** Opening GIVEN INFORMATION block **

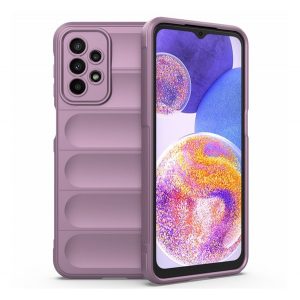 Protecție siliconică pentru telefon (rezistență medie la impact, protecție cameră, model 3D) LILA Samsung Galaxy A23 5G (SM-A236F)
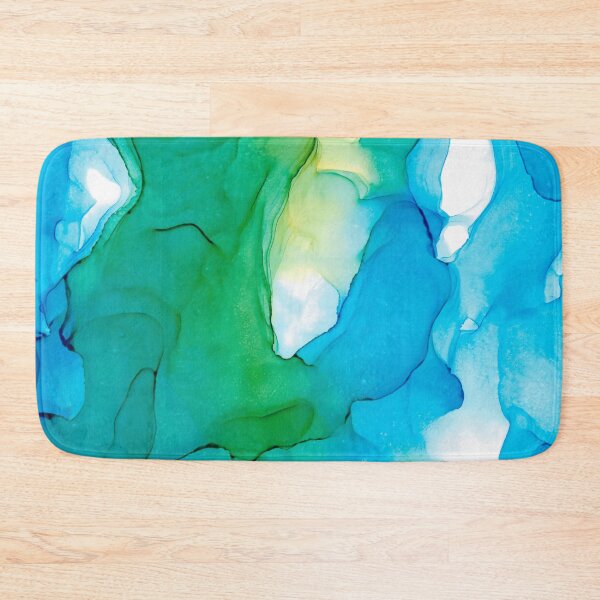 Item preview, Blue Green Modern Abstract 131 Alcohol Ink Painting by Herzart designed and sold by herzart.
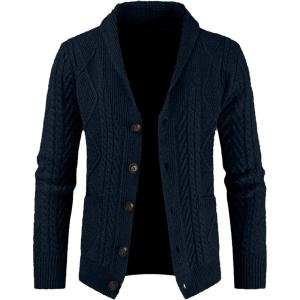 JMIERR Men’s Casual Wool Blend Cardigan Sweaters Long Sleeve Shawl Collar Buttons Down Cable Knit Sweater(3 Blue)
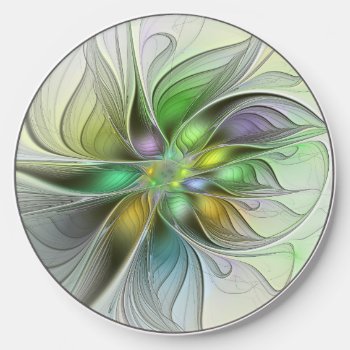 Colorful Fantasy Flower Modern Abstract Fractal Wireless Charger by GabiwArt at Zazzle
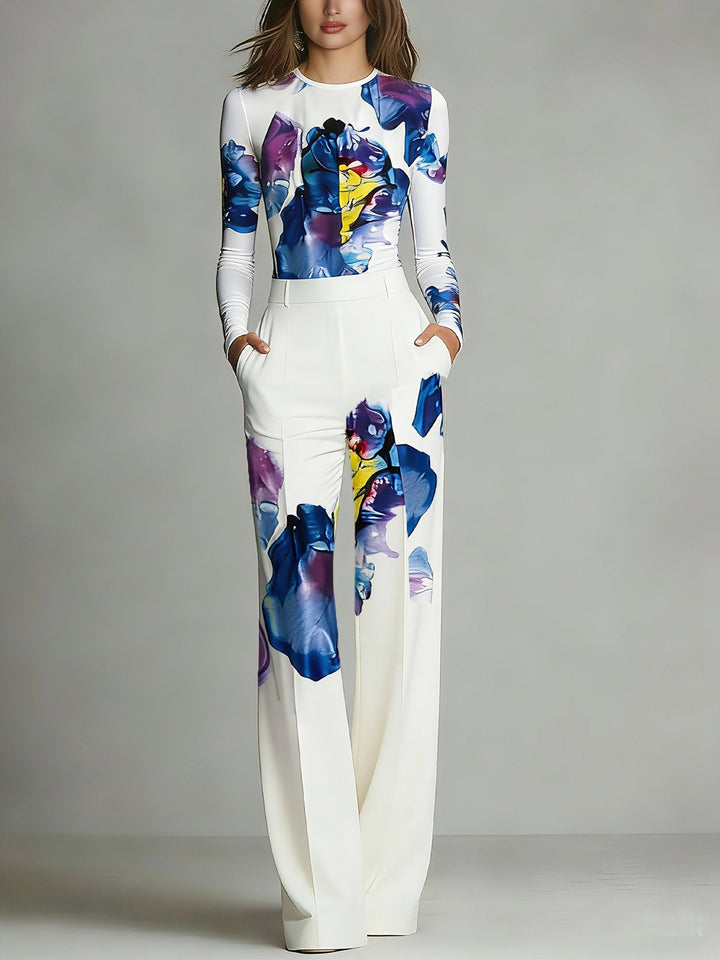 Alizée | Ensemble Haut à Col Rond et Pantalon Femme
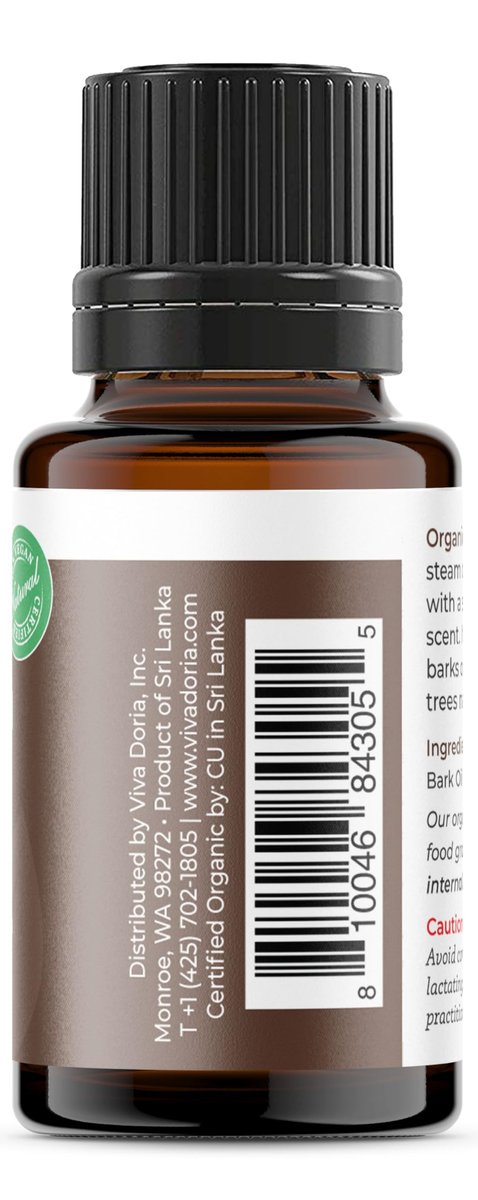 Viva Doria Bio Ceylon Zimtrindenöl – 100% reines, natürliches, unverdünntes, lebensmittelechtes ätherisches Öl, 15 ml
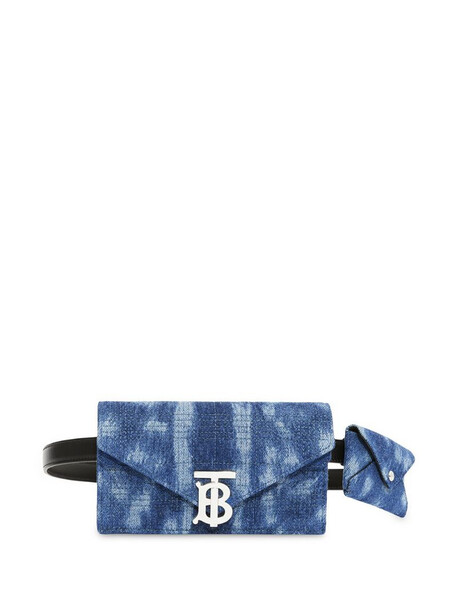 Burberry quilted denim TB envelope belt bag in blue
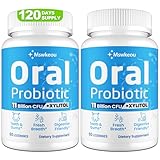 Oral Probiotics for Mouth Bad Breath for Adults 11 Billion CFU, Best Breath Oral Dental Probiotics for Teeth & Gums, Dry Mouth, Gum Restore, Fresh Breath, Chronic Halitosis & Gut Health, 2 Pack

** Closing GIVEN INFORMATION block **
** Opening GIVEN INFORMATION block **

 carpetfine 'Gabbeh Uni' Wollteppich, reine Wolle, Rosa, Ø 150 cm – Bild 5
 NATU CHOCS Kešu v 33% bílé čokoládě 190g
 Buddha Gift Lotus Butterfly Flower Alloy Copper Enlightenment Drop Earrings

** Closing GIVEN INFORMATION block **
** Opening GIVEN INFORMATION block **

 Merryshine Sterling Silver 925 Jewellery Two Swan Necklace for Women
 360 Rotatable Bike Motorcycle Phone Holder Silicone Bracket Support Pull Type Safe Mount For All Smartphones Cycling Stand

** Closing GIVEN INFORMATION block **

Look through the material above. Transcribe exactly the lines between the ones with "Burberry quilted denim" and "Oral Probiotics for", inclusive, and keep pictures out.

◆ ANSWER BELOW:
 Burberry quilted denim TB envelope belt bag in blue
 Oral Probiotics for Mouth Bad Breath for Adults 11 Billion CFU, Best Breath Oral Dental Probiotics for Teeth & Gums, Dry Mouth, Gum Restore, Fresh Breath, Chronic Halitosis & Gut Health, 2 Pack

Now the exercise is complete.